In his remarks, the Minister for Finance, Dr. Mohammed Amin Adam highlighted that, the effective implementation of the program had led to relative macroeconomic stability and signs of economic recovery.
“Ghana has successfully implemented various measures, including fiscal consolidation, revenue mobilization, expenditure rationalization, tight monetary policies, and structural reforms in key sectors of the economy” he added.
According to Dr. Amin Adam, the results of these efforts have been promising and stated that GDP growth exceeded expectations, with a growth rate of 2.9% at the end of 2023, surpassing the original target of 1.5% and the revised target of 2.3%. Inflation, which had peaked at 54.1% in December 2022, has seen a significant decline of 30.9 percentage points, reaching 23.2% by the end of December 2023. In early 2024, inflation continued to show positive progress, maintaining a rate of 23.2% in February but slightly increasing to 25.8% in March 2024.

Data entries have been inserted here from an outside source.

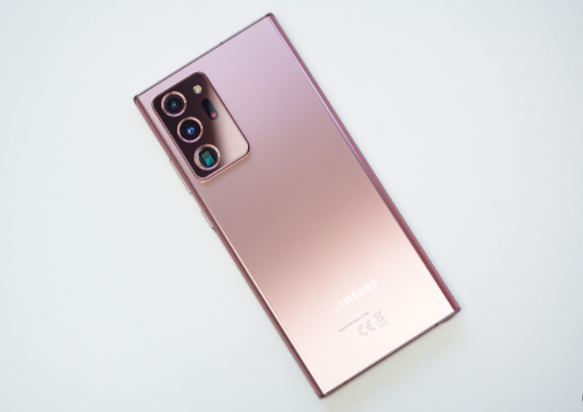 Samsung Galaxy Note 20 Ultra. (Ảnh: Phone Arena) Samsung Galaxy Note 20 Ultra. (Ảnh: Phone Arena)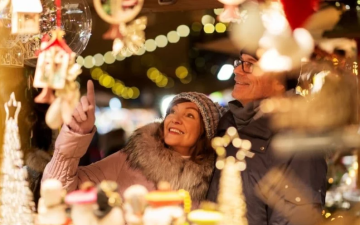 Готуймось до Різдва та Нового року! Італія, Австрія, Швейцарія - знижки до 100 євро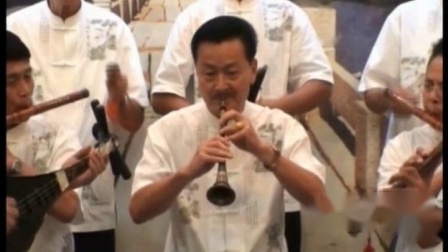 安海雅颂南音社《风打梨》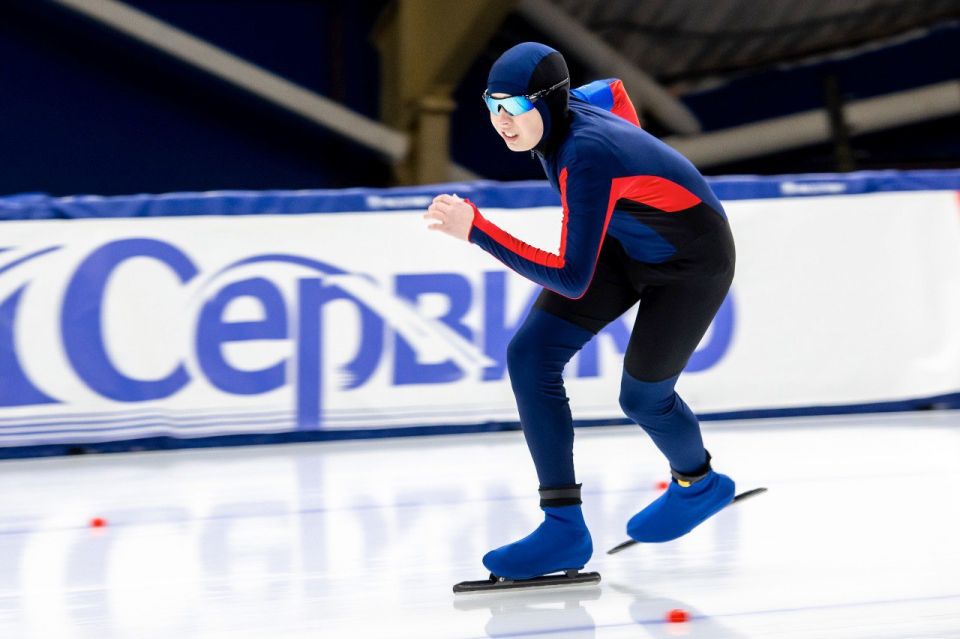 В Иркутске проведут всероссийские соревнования по конькобежному спорту «Лед Байкала»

These achievements, he opined, demonstrated the commitment of Ghana to fiscal and debt sustainability, as well as the pursuit of inclusive growth and revealed that, the PC-PEG programme was instrumental in laying the foundation for a stronger and more resilient economy while prioritizing the well-being of the poor and vulnerable.

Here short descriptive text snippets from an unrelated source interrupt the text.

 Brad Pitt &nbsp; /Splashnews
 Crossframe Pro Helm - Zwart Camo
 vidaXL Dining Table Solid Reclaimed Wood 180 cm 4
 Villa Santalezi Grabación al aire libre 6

“I also promised that I will hold the line when it comes to expenditure in this election year, as most election years’ expenditures have been reckless. I will hold the line this year and ensure that we do not embark on extra budgetary spending to ensure that the negotiated fiscal balances are met by the end of the fiscal year.” The MP for Karaga ensured Ghanaians as he climaxed his speech.

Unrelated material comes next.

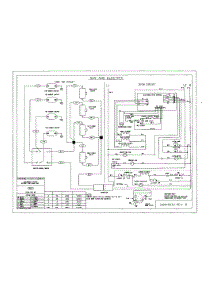 Wiring parts for Kenmore Range 790.46814990 (79046814990, 790 46814990) from AppliancePartsPros.com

The IMF led by Mr. Stèphane Roudet, expressed their satisfaction with Ghana’s performance under the programme and highlighted that, most of the quantitative targets set by the authorities were met, and significant progress has been made on key structural reform milestones. The IMF also commended Ghana’s strong policy and reform efforts, stating that these efforts are already yielding positive results.
The IMF mission has been in Accra for several weeks, working closely with the Ghanaian authorities to assess the country’s performance under the IMF-supported program. The programme, which was approved by the IMF executive board in May 2023, aims to support Ghana’s economic reforms and address key challenges in the country’s fiscal and monetary policies.
As part of the agreement, once the IMF executive board completes the second review of the program, Ghana will have access to approximately $360 million in financial support. This additional funding will further strengthen Ghana’s economic stability and help facilitate the implementation of crucial reforms.
The IMF’s support comes at a critical time for Ghana, as the country aims to address various economic challenges and promote sustainable growth. The financial assistance provided by the IMF will help Ghana in its efforts to create a more resilient and inclusive economy.
The agreement is subject to the approval of the IMF management and the executive board, pending the receipt of necessary financing assurances and an agreement between the Ghanaian authorities and their official creditors on a memorandum of understanding.
The IMF’s staff level agreement on the second review of Ghana’s program is a positive development for the country’s economic future. Ghana’s commitment to implementing key reforms and their strong performance under the program have been recognized by the IMF. With the additional financial support, Ghana is well-positioned to continue its journey towards sustainable economic growth and development.